## [Exercise goal]
The following data is to be repeated exactly, its pictures excluded.

(Beginning of Provided data)

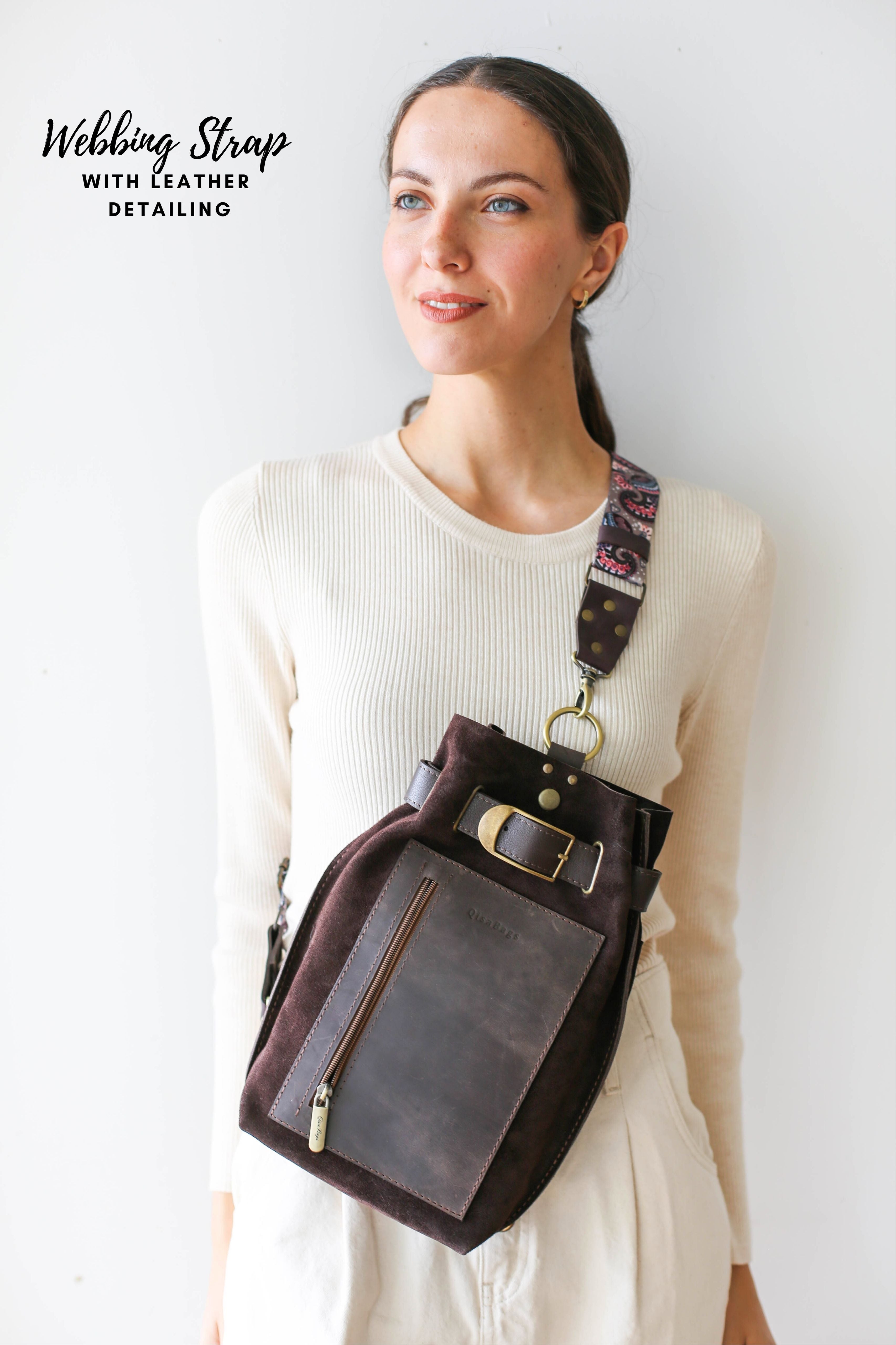 dark brown leather shoulder bag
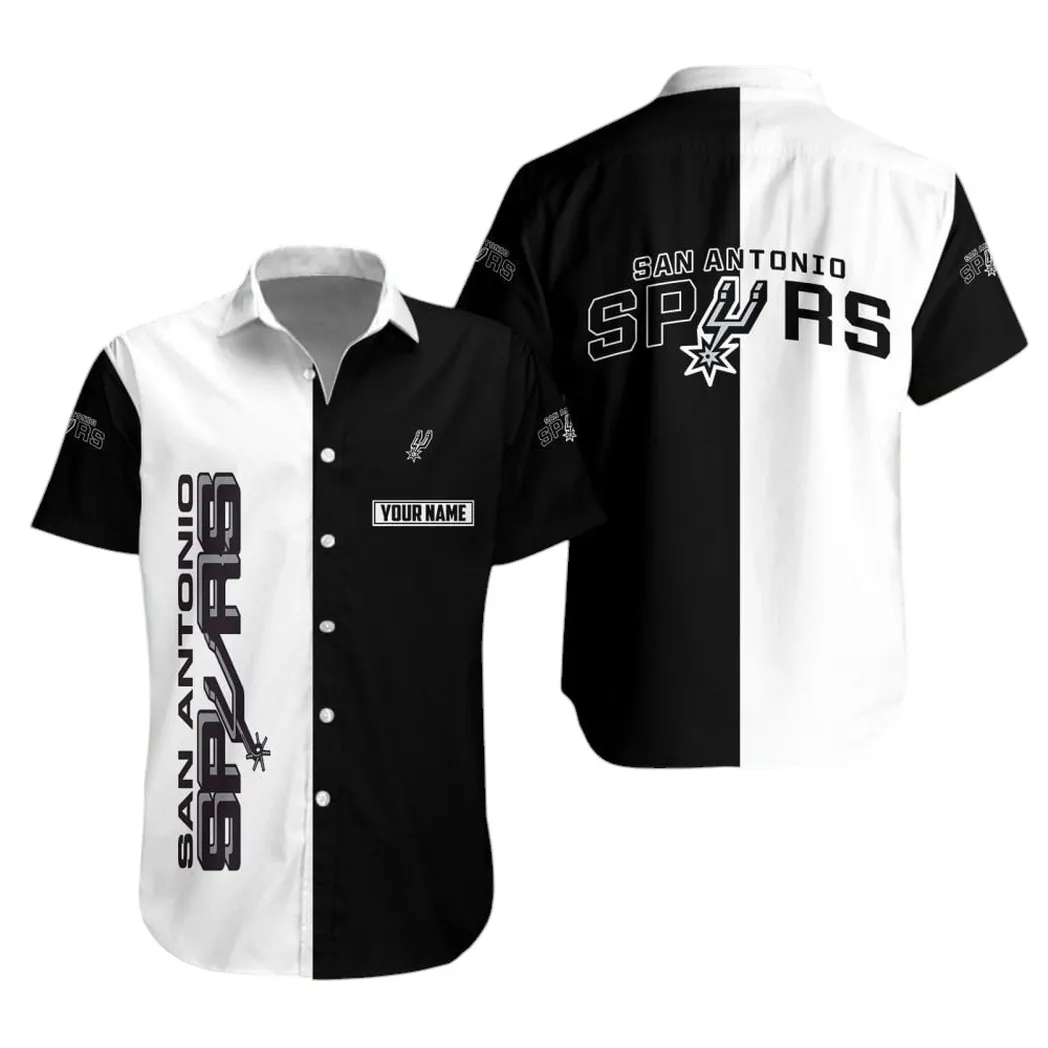 San Antonio Spurs Black & White Custom Name Hawaiian Shirt – TeeAloha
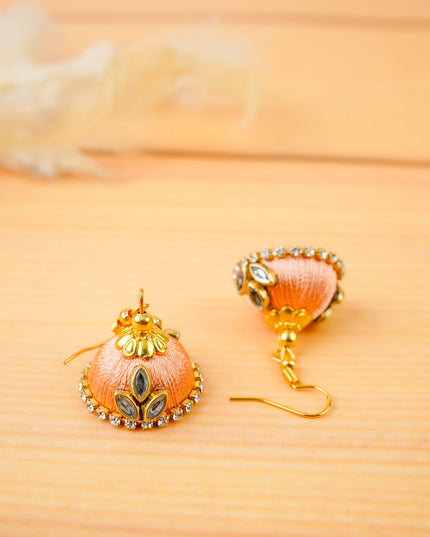 Combo - Silk Thread Bangles, Saree Pin & Earrings - 2.6 inch - WL5980-1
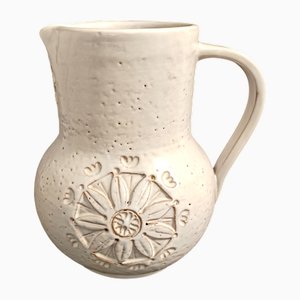 Postmodern Beige Earthenware Pitcher attributed to Aldo Londi for Bitossi, Italy, 1970s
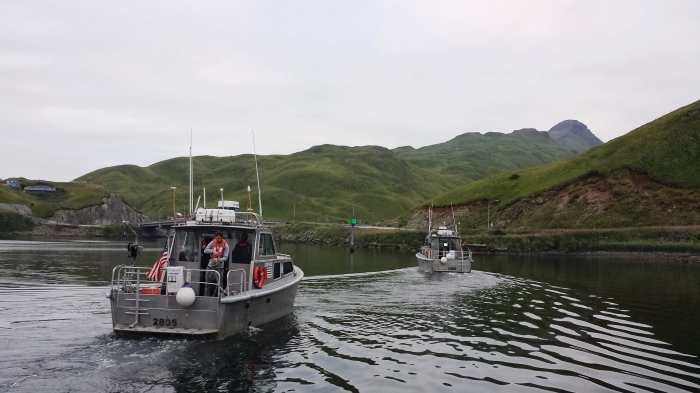 Two of the NOAA Ship Fairweather launches depart for a day of hydrographic surveying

(End of Provided data)

## [Task solution]
 dark brown leather shoulder bag
 San Antonio Spurs Black & White Custom Name Hawaiian Shirt – TeeAloha
 Combo - Silk Thread Bangles, Saree Pin & Earrings - 2.6 inch - WL5980-1
 Postmodern Beige Earthenware Pitcher attributed to Aldo Londi for Bitossi, Italy, 1970s
 Two of the NOAA Ship Fairweather launches depart for a day of hydrographic surveying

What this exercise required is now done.